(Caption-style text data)
★ ★ ★ ★ ★ ★ ★
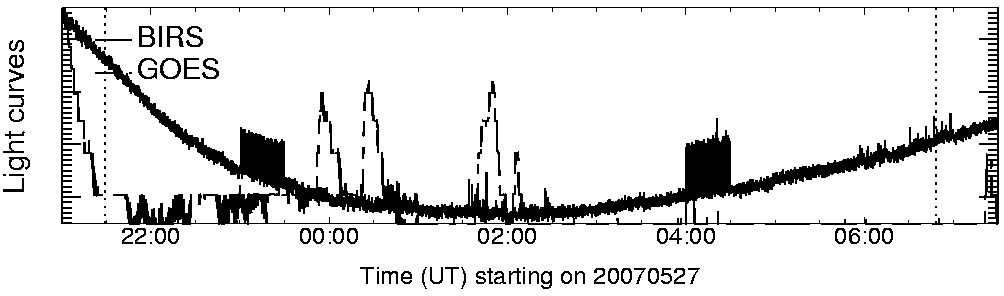 Light curve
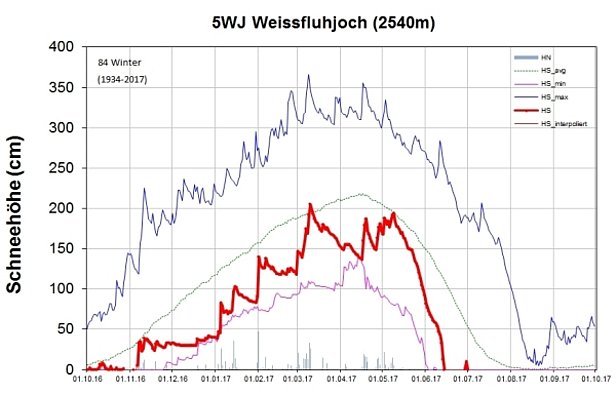Abb. 14: Schneehöhenverlauf an der Station 5WJ, Weissfluhjoch, GR, 2540 m, (n=84 Jahre). Dargestellt sind die Schneehöhe (rot, fett: gemessen, HS), der Neuschnee (graue Säulen, HN), die langjährigen maximalen Schneehöhen (dunkelblau, HS_max), die langjährigen minimalen Schneehöhen (violett, HS_min) und die langjährigen mittleren Schneehöhen (grün, HS_avg). 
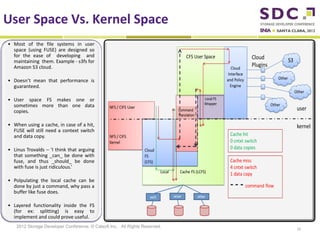 Kernel Userspace Software Developer Conference 2012 - Paper Presentation - Cloud File ...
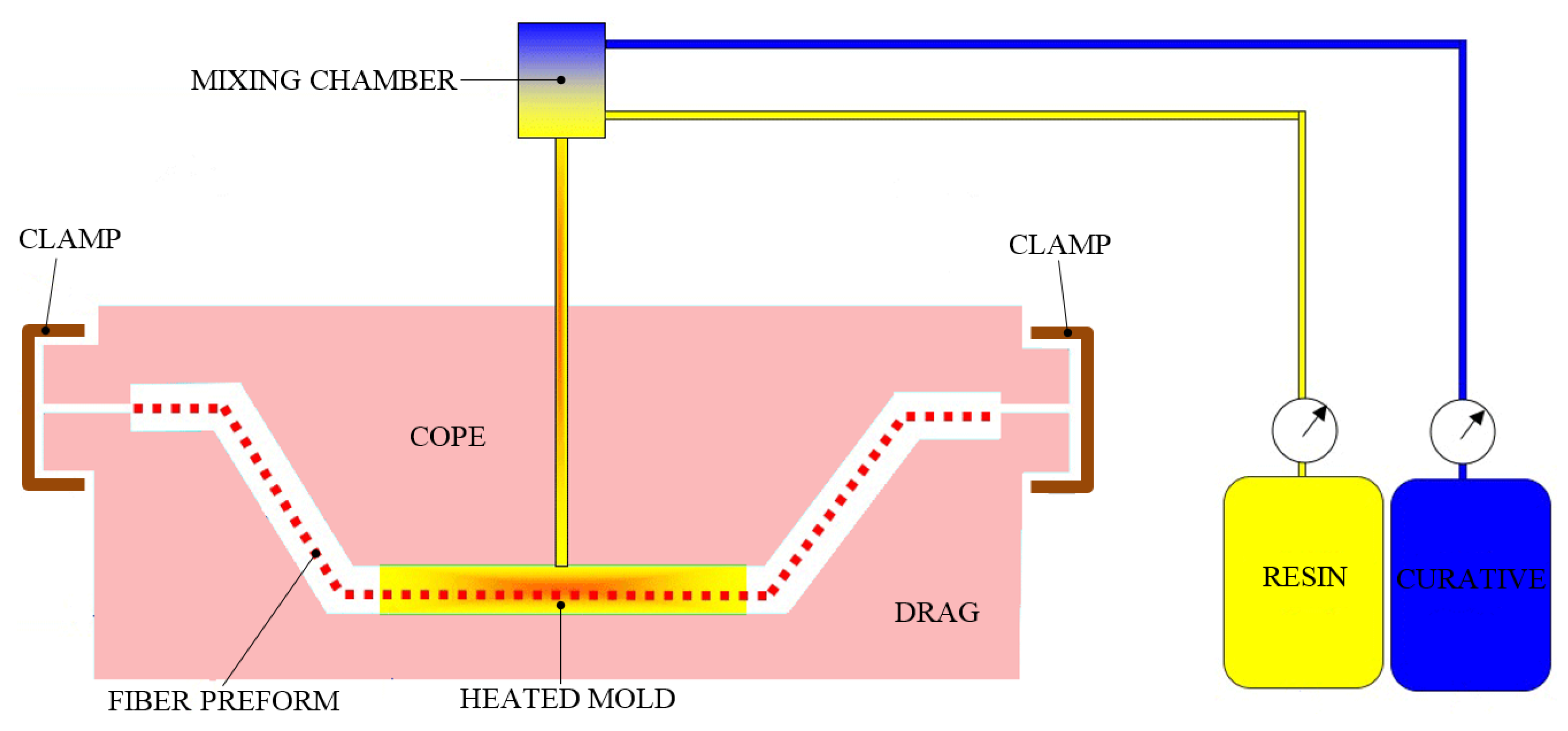 CFRP manufacturing method using electrodeposition resin molding for  curvilinear fiber arrangements - ScienceDirect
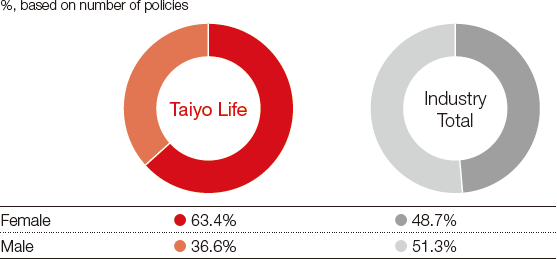 Figure: New Policy Enrollment Status Based on Gender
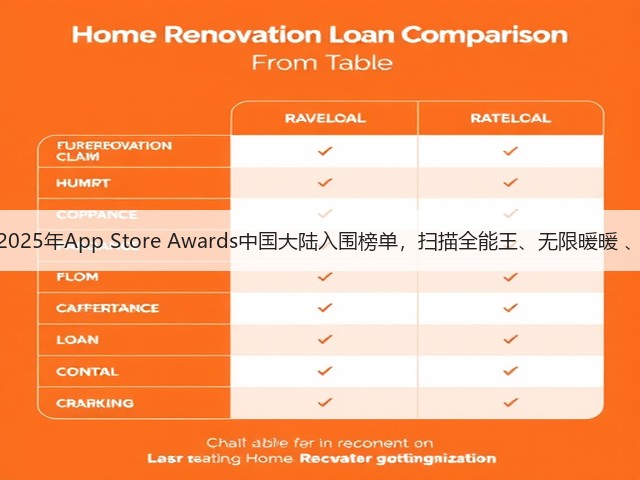 苹果公司揭晓2025年App Store Awards中国大陆入围榜单，扫描全能王、无限暖暖 、无畏契约入选(图2)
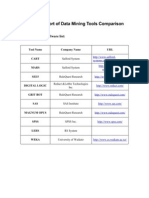 Survey Report of Data Mining Tools Comparison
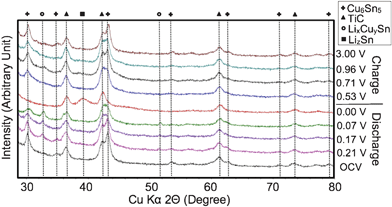 
            Ex-situ XRD patterns of Cu6Sn5–TiC–C during charge–discharge: LixCuySn represents the intermediate phases where 0 < y < 1 and x gradually increases during discharge. LizSn represents a Li4.4Sn-like phase.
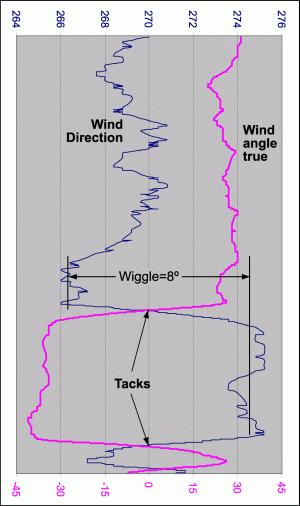 The most important mission of an instrument system is correctly reporting wind direction (see http://www.ockam.com/functrue.html).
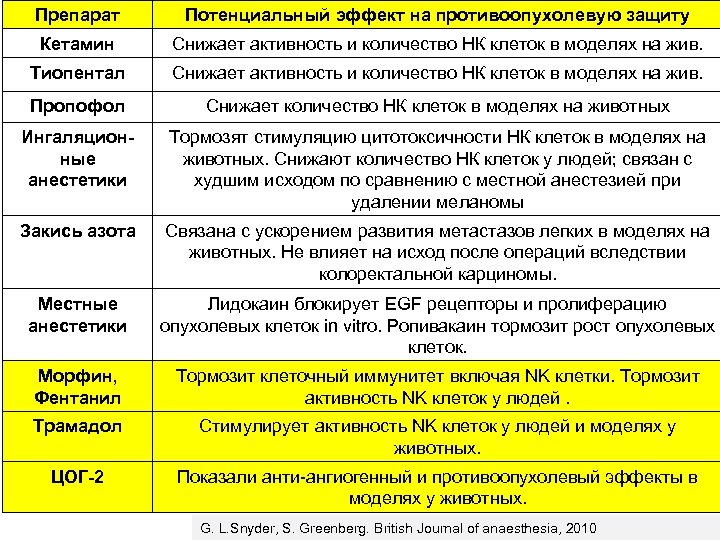 Препарат Потенциальный эффект на противоопухолевую защиту Кетамин Снижает активность и количество НК клеток в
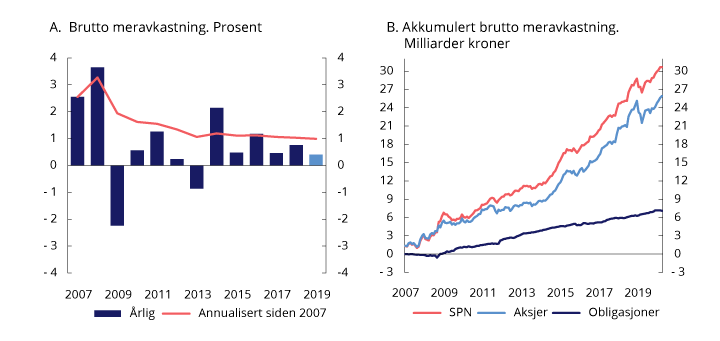 Figur 4.5 Brutto meravkastning (differanseavkastning) av Folketrygdfondets forvaltning
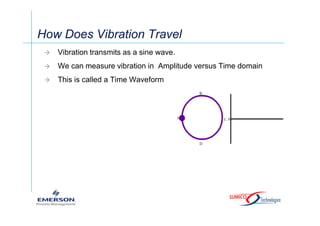 Basic Vibration Training [Compatibility Mode].pdf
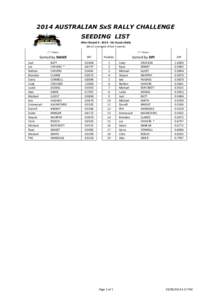 2014 AUSTRALIAN SxS RALLY CHALLENGE SEEDING LIST After RoundSA: Scouts Rally (Best 2 averaged of last 3 events) ( * = New )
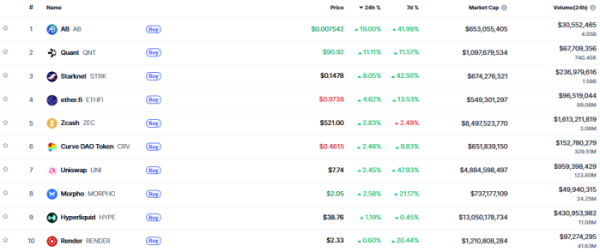▲시가총액 TOP 100 가상자산 중 상승률 TOP 10 가상자산 정보 (사진제공=CoinMarketCap)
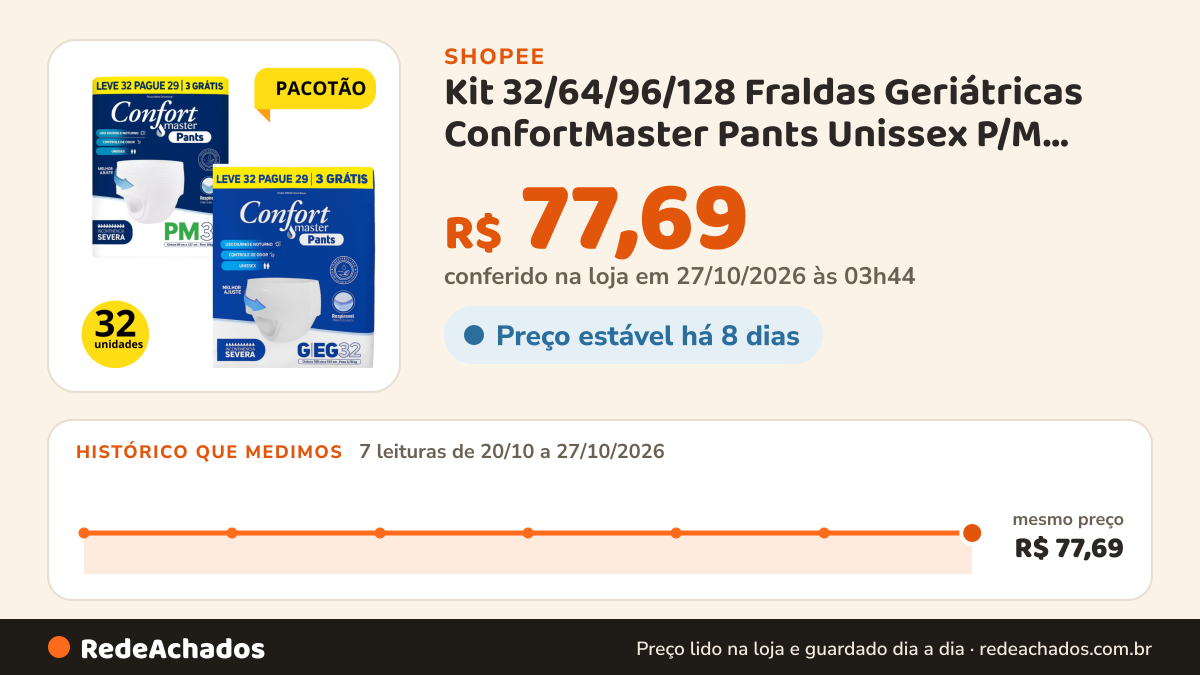 Histórico de preço de Kit 32/64/96/128 Fraldas Geriátricas ConfortMaster Pants Unissex P/M G/EG Incontinência… na Shopee: 7 leituras de 20/10/2026 a 27/10/2026, mesmo preço, R$ 77,69, em todas; R$ 77,69 conferido em 27/10/2026 às 03h44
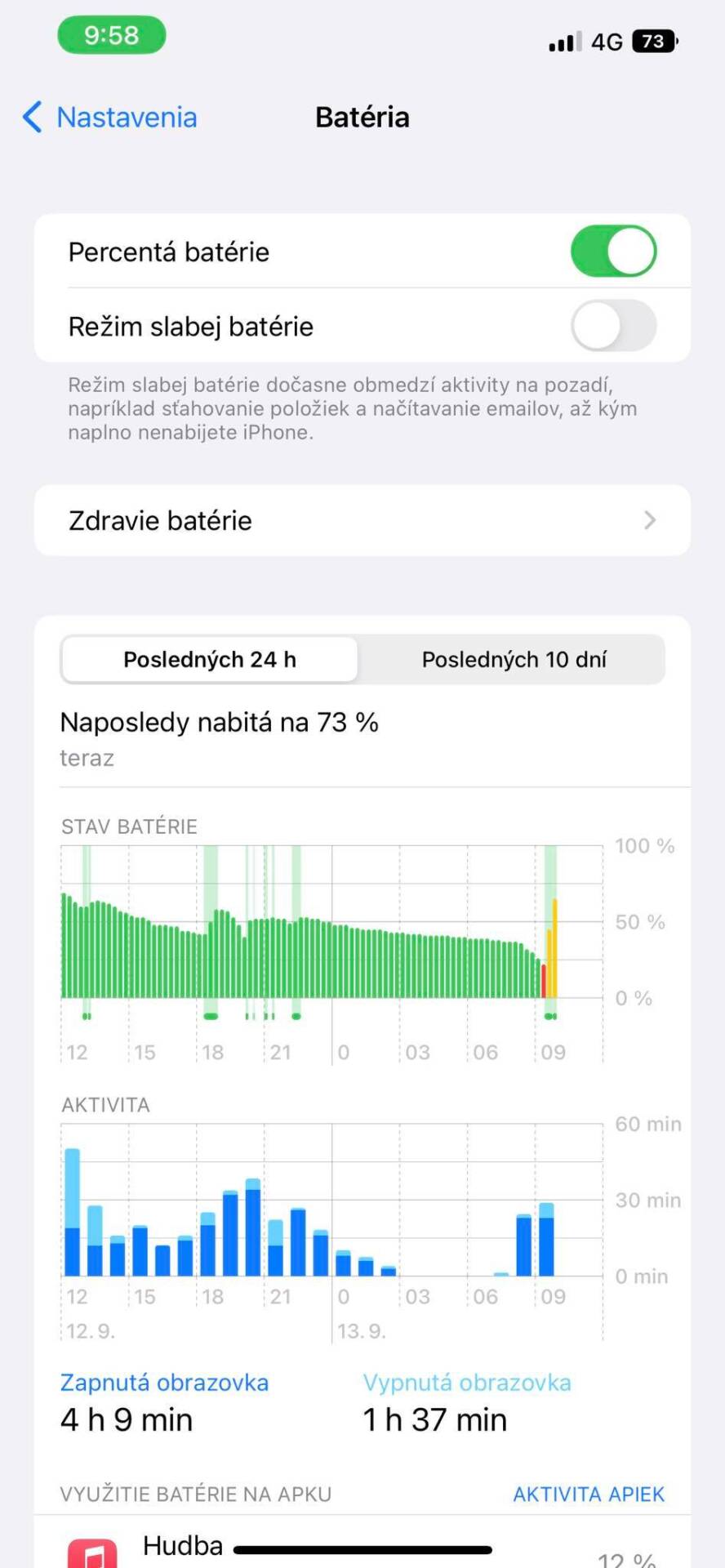 iOS 16 percentá batérie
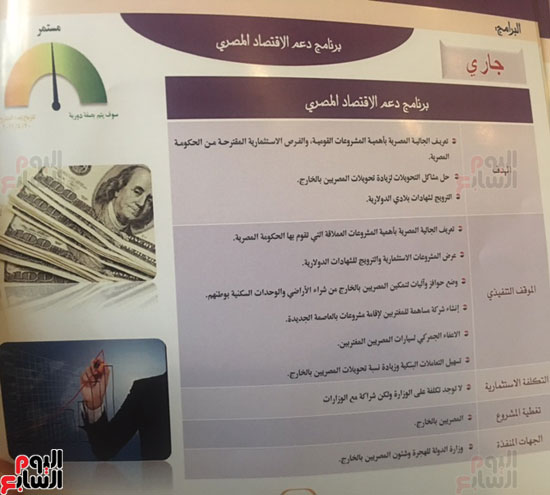 تقرير حكومة شريف إسماعيل النصف سنوى المرسل إلى البرلمان  (18)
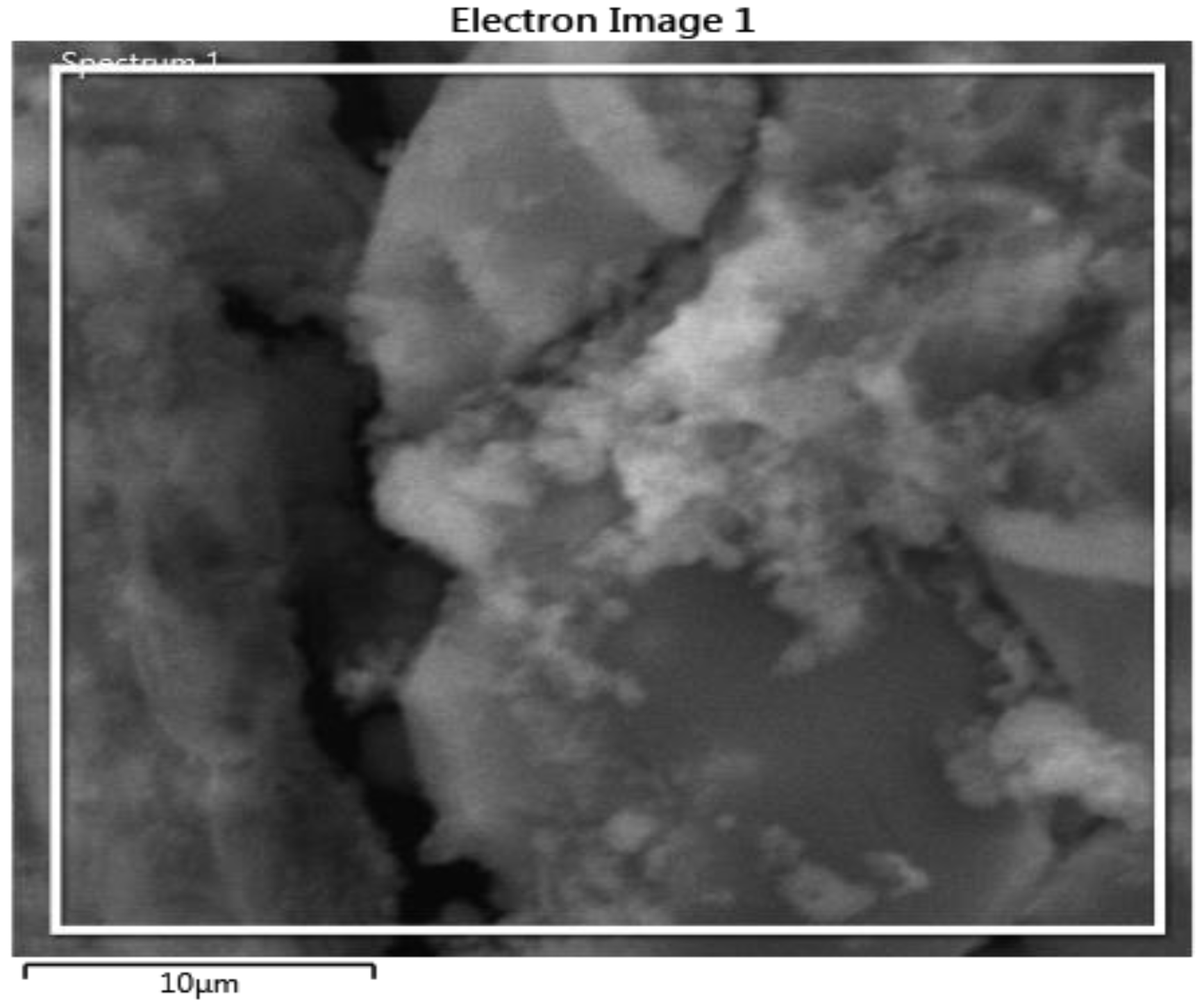 Processes 11 01684 g006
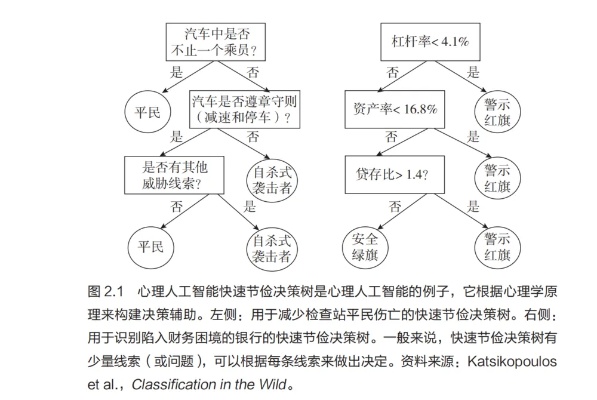 人工智能算法停滞 原因分析及解决方案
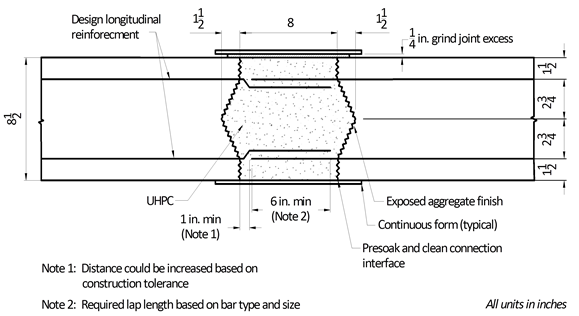 This line drawing shows the dimensions of critical aspects of two adjacent precast concrete full-depth deck panels connected by an ultra-high performance concrete field-cast connection.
★ ★ ★ ★ ★ ★ ★
Output the line that contains "Basic Vibration Training" and every subsequent line through the end of the entries, exactly as given, without pictures.

• _SOLUTION TO THE EXERCISE_:
 Basic Vibration Training [Compatibility Mode].pdf
 2014 AUSTRALIAN SxS RALLY CHALLENGE SEEDING LIST After RoundSA: Scouts Rally (Best 2 averaged of last 3 events) ( * = New )
▲시가총액 TOP 100 가상자산 중 상승률 TOP 10 가상자산 정보 (사진제공=CoinMarketCap)
 Histórico de preço de Kit 32/64/96/128 Fraldas Geriátricas ConfortMaster Pants Unissex P/M G/EG Incontinência… na Shopee: 7 leituras de 20/10/2026 a 27/10/2026, mesmo preço, R$ 77,69, em todas; R$ 77,69 conferido em 27/10/2026 às 03h44
 iOS 16 percentá batérie
 تقرير حكومة شريف إسماعيل النصف سنوى المرسل إلى البرلمان  (18)
 Processes 11 01684 g006
 人工智能算法停滞 原因分析及解决方案
 This line drawing shows the dimensions of critical aspects of two adjacent precast concrete full-depth deck panels connected by an ultra-high performance concrete field-cast connection.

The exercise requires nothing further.